EXERCISE BRIEF: Check every line of the records below for the string "estrutura" and copy the ones that have it.

GIVEN RECORDS:
---------------

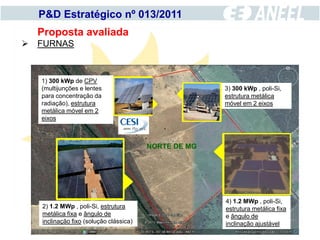 P&D Estratégico nº 013/2011
  Proposta avaliada
 FURNAS



   1) 300 kWp de CPV
   (multijunções e lentes                                  3) 300 kWp , poli-Si,
   para concentração da                                    estrutura metálica




                                   ‘’




                                                      ‘’
   radiação), estrutura                                    móvel em 2 eixos
   metálica móvel em 2
   eixos



                                        NORTE DE MG




                                                                     ‘’
                   ‘’




                                                           4) 1.2 MWp , poli-Si,
   2) 1.2 MWp , poli-Si, estrutura                         estrutura metálica fixa
   metálica fixa e ângulo de                               e ângulo de
   inclinação fixo (solução clássica)                      inclinação ajustável
 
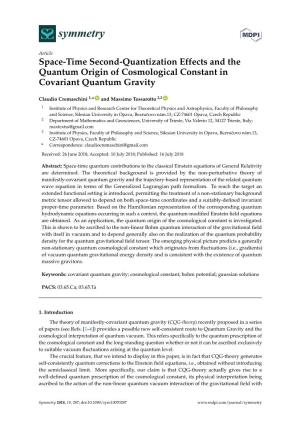 Space-Time Second-Quantization Effects and the Quantum Origin of Cosmological Constant in Covariant Quantum Gravity
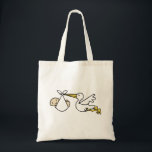 Storch und Baby-Cartoon Niedliche Geburtsankündigu Tragetasche<br><div class="desc">Stork und Baby Cartoon Niedlich Geburtstag Ankündigung Glückwünsche</div>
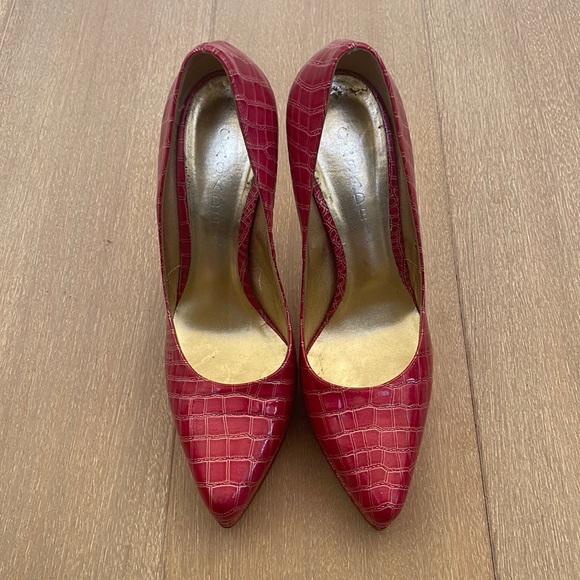 Casadei croc embossed platform high heels - Picture 1 of 9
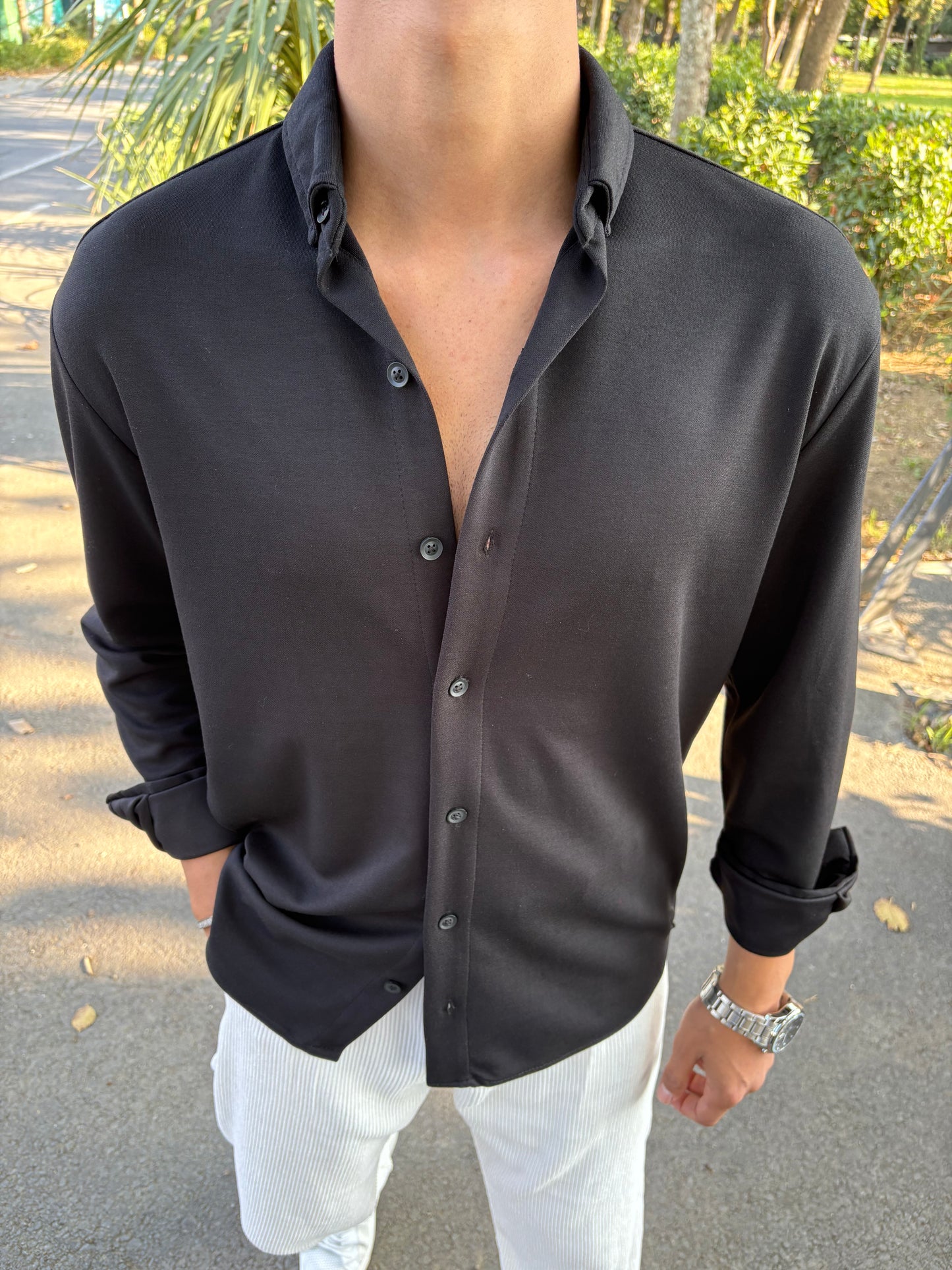 MODAL KUMAŞ KIŞLIK GÖMLEK SİYAH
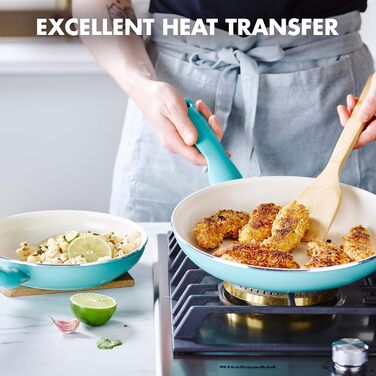 Набір сковорідок Greenpan Rio, керамічне покриття, антипригарні, 17.8 см, 24.1 см, 27.9 см, без PFAS, придатні для миття в посудомийній машині, бірюзові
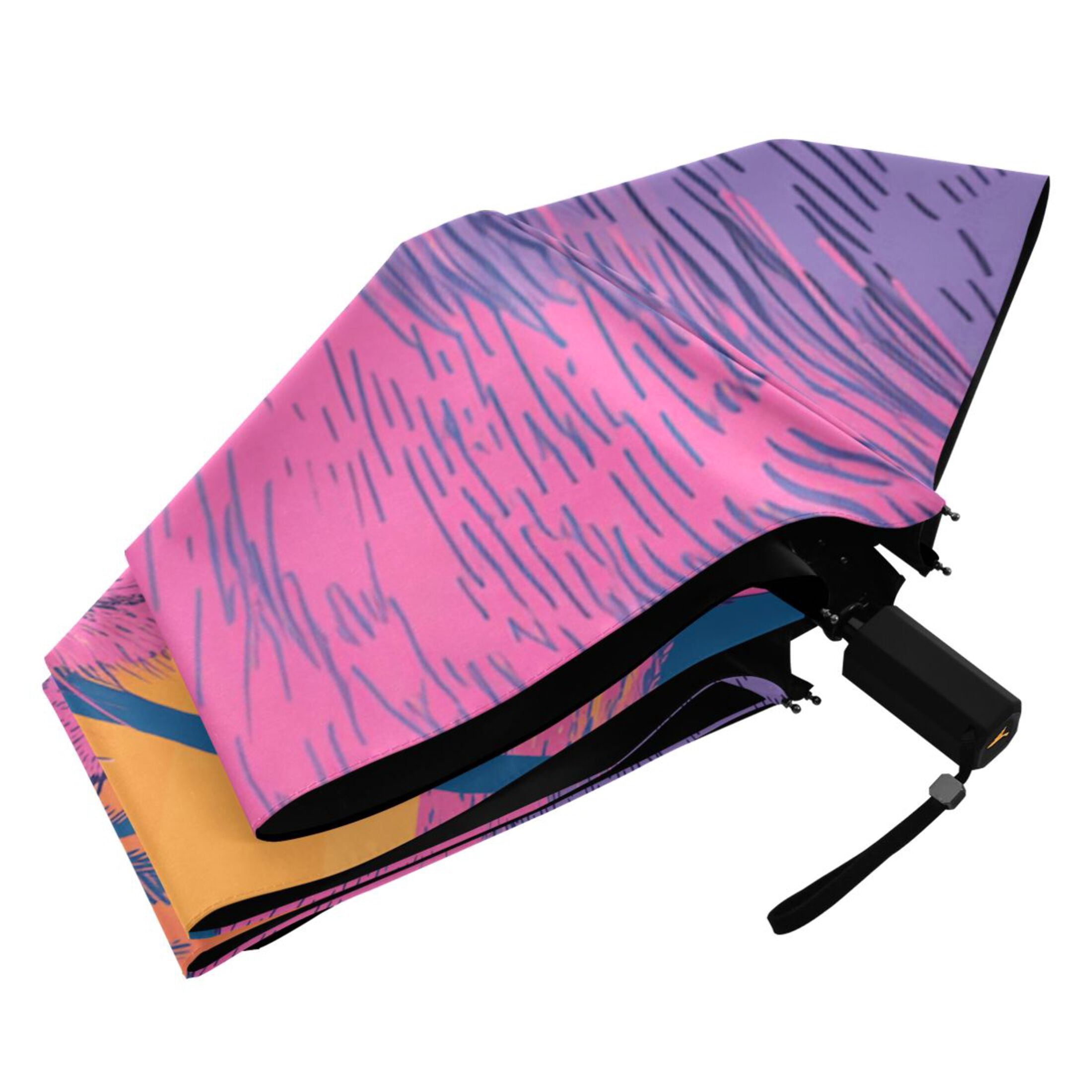 Guinea Pig with Sunglasses Compact Sun Umbrella Windproof Travel Umbrellas for Rain Strong Portable UV Protection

---------------

OUTPUT:
   para concentração da                                    estrutura metálica
   radiação), estrutura                                    móvel em 2 eixos
   2) 1.2 MWp , poli-Si, estrutura                         estrutura metálica fixa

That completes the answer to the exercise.